:: ABOUT THIS EXERCISE ::
Leave out any picture and return the remaining listing below exactly as given.

DATA SECTION START

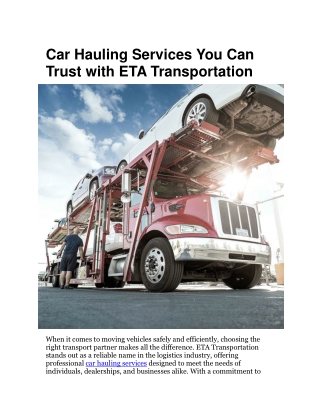Reliable Car Hauling Services by ETA Transportation You Can Trust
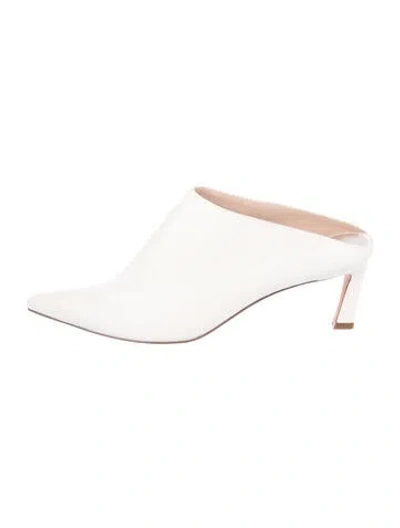 Pre-owned Stuart Weitzman Leather Mules In White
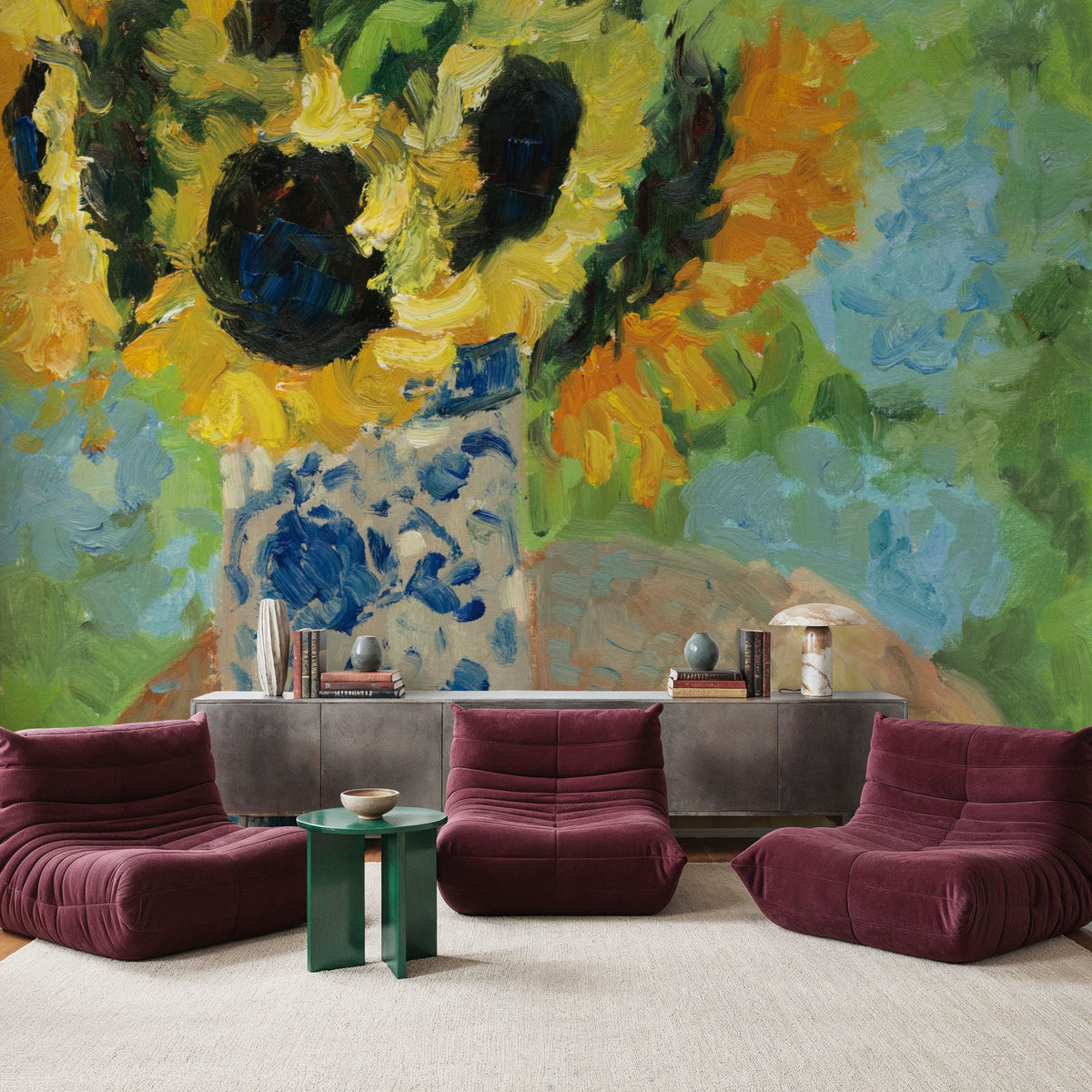 Sunflowers and Hydrangeas Mural Wallpaper - room preview 05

DATA SECTION END

:: WRITTEN RESPONSE ::
Reliable Car Hauling Services by ETA Transportation You Can Trust
 Pre-owned Stuart Weitzman Leather Mules In White
 Sunflowers and Hydrangeas Mural Wallpaper - room preview 05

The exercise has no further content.